L’exposition suit parcours circulaire dont l’introduction est aussi la conclusion. Cette circularité s’organise suivant un parcours principal intitulé "les cinq visages", caractérisé par la présence forte et rendue évidente de la parole kanak, et un parcours secondaire intitulé "les reflets", rendant lisible l’évolution du regard occidental sur le monde kanak par l’accumulation de témoignages documentaires.
Némèè : les "visages"
Dans la tradition kanak, se présenter revient à montrer son visage : il s’agit d’un protocole traditionnel d’entrée dans des espaces coutumiers pour des individus comme pour des représentants d’un groupe. Ces cinq "visages" sont nommés en langue ajië, l’une des 28 langues kanak toujours parlées.
Nô : le Verbe et la Parole
L’importance de la Parole se manifeste à travers la personne du chef (dit aussi "le grand aîné"). Elle s’exprime dans ce que l’on convient d’appeler la "coutume". Aujourd’hui les monnaies de coquillage y ont encore leur place. Autrefois de prestigieux objets y étaient échangés comme des haches de jade, objets ornés de cordonnets de poils de roussette, et ornements divers. Ces objets sont les supports de cette Parole. La figure historique du Grand Chef Mindia (1856-1921) est évoquée dans cette partie.
Mwâ ma mwâcirî : la maison et le pays
Le pays kanak traditionnel s’organisait autour de trois réalités visibles dans le paysage : les lieux d’origine, les Grandes cases installées en haut d’une allée paysagée, les autels aux esprits et les traces des maisons d’origine. La mémoire contemporaine conserve ces chemins anciens qui furent bouleversés par la colonisation foncière, les déplacements de population et l’enfermement des Kanak dans des réserves. La figure historique Grand Chef Nidoish Naissiline (18?- 1880) est associée à cette section.

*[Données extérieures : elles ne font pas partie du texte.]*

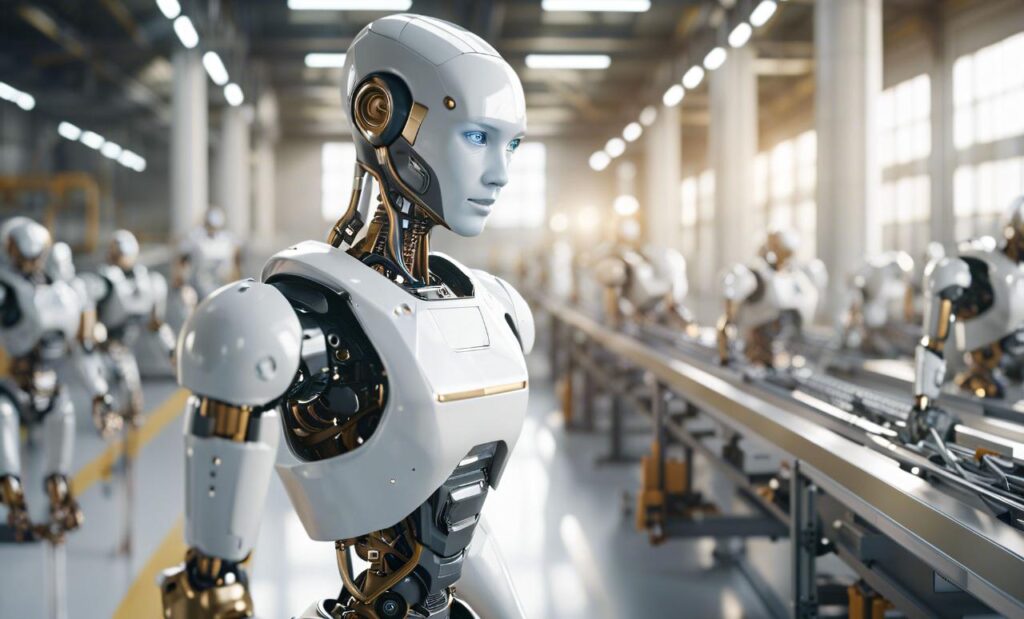 robot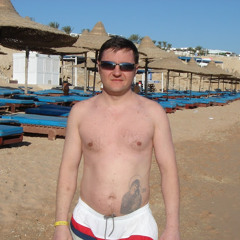 Alex Kalinichev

Mwâ ma mëu : le taro et l’igname
Le cycle immuable de la culture de l’igname, nourriture fondamentale, est un des symboles les plus importants de la vie kanak. Ils permettent de comprendre l’indéfectible attachement du Kanak à sa terre et, en conséquence, de mieux saisir le drame que fut la spoliation de cette terre qui aboutit à la grande révolte kanak de 1878. Dans cette section, la figure d’Ataï (1833-1878), chef de l’Insurrection de 1878, est évoquée.
Bèmu ma rhee : les ancêtres et les esprits
Le religieux et le sacré vont s’exprimer et se concentrer autour de la figure ancestrale. Dans la société d’autrefois ils se manifestaient au grand jour à travers la sculpture et les masques tandis que les objets supports de puissance, comme les pierres magiques, se manipulaient dans le secret. La place importante du rêve dans la société kanak indique un mode de contact aux esprits qui garde toute sa vivacité. La figure historique du grand chef Aman de Touho illustre cette section.
Kamö ma vibéé : la personne et ses liens
La personne est fortement vécue dans le monde kanak. Mais on n’oublie jamais l’importance des liens sociaux qui la font vivre. Ces liens sont rappelés à chaque grande occasion de la vie par la circulation des monnaies qui les matérialisent. La société contemporaine vit toujours de ces liens dont on rappelle la profondeur dans les mariages et les grands deuils.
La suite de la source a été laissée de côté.